======== Data block
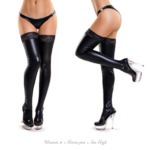 Чулки Glossy из материала Wetlook со вставкой из кружева, черный, S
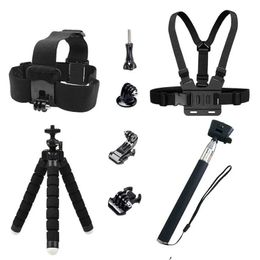 Tripods Kit for Hero Selfie Stick Monopod Mounts SAM SJ4000 Tripod Yi 4K EKEN H9R Action camera Accessories 231006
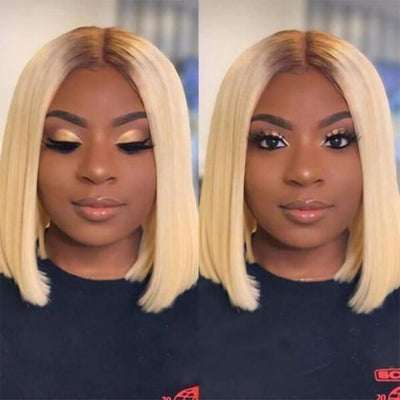 4/613 Ombre Blonde Straight Bob Pre-plucked Lace Human Wigs With Dark Brown Root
================
__Try it__
No pictures should appear in the copy. Print exactly the lines above from the line containing "Tripods Kit for" through the last line of the data.

__Result of this task__
 Tripods Kit for Hero Selfie Stick Monopod Mounts SAM SJ4000 Tripod Yi 4K EKEN H9R Action camera Accessories 231006
 4/613 Ombre Blonde Straight Bob Pre-plucked Lace Human Wigs With Dark Brown Root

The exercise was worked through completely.